I was recently in correspondence with Carl Pennypacker at Berkeley. To quote Wikipedia: “Dr. Pennypacker has spent much of his career as a research astrophysicist, receiving his Ph.D. from Harvard in 1978. His principal research was the studying of supernovae and the building of techniques for their automated discovery. With Rich Muller, he co-founded the Berkeley Supernova Search, which later became the Supernova Cosmology Project. He shared the 2007 Gruber Prize in Cosmology and the 2015 Breakthrough Prize in Fundamental Physics for the Supernova Cosmology Project’s discovery that the expansion of the universe is accelerating.”
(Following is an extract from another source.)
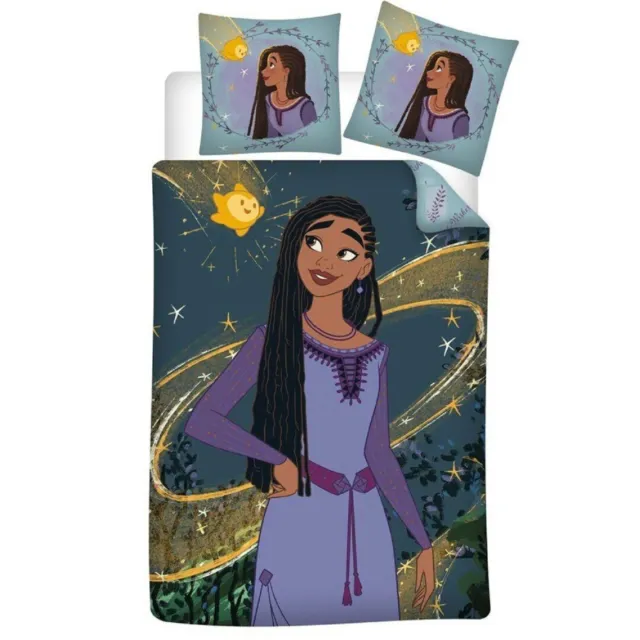 Disney Wish Asha Linge de Lit Réversible 2tlg 135 X 200 CM 100% en Coton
All true. But in addition to that, he has a deep interest in science outreach… and music. When he shared with me a video he’d been involved with (see below) I asked if I could post it here, and if he would give me a few words of introduction. He graciously agreed to both. He writes (edited from a couple of emails):
I was part of “The Global Skylight” opera, as part of the IAU’s Year of Light in 2015. It occurred to me recently that the theme of the origin of humanity’s matter in the stars was a powerful principle that might help people take a bit better care of each other. So I re-purposed the finale of this Opera (I helped write the music and the words) to be “The Refugee Song and Dance.” It is on youtube at: https://www.youtube.com/watch?v=MWXAvdmRMcM
The Global Skylight Opera was the first in an on-going yearly series of Global Science Operas, originating in Stord, Norway. Last November’s was on the Higgs Boson. Oded Ben-Horin is our maestro and inventor of this concept. They are described here: http://globalscienceopera.com/and a video trailer of the Skylight Opera is here in the lower left: http://globalscienceopera.com/resources-media/#videos
Per my musicality: I am really not a musician, but I seem to have tunes running around my under-worked brain all the time. If I hear a noise from the environment, like a bird singing or creek flowing, my mind has this inexplicable desire to complete the notes nature has given us. Up to now, some of my collaborative work that went further was a light opera Ms. Judy Goldhaber and I did on Stephen Hawking. This was performed at San Francisco City College. (If you ever want to hear some of these songs, I have six in good digital form I could relay to you.) I “compose” by using a music composition program, and although my pitch is far from perfect, I try to write in the music the tunes I hear in my mind. It is frustrating at times for me, because of my lack of any formal musical training — it takes me some time to get the notes just the way I hear them, and I find my precision is around a 1/32 note.
Dr. Simon Nathan, a friend and Ph.D. physicist, did the hard work of the arrangement.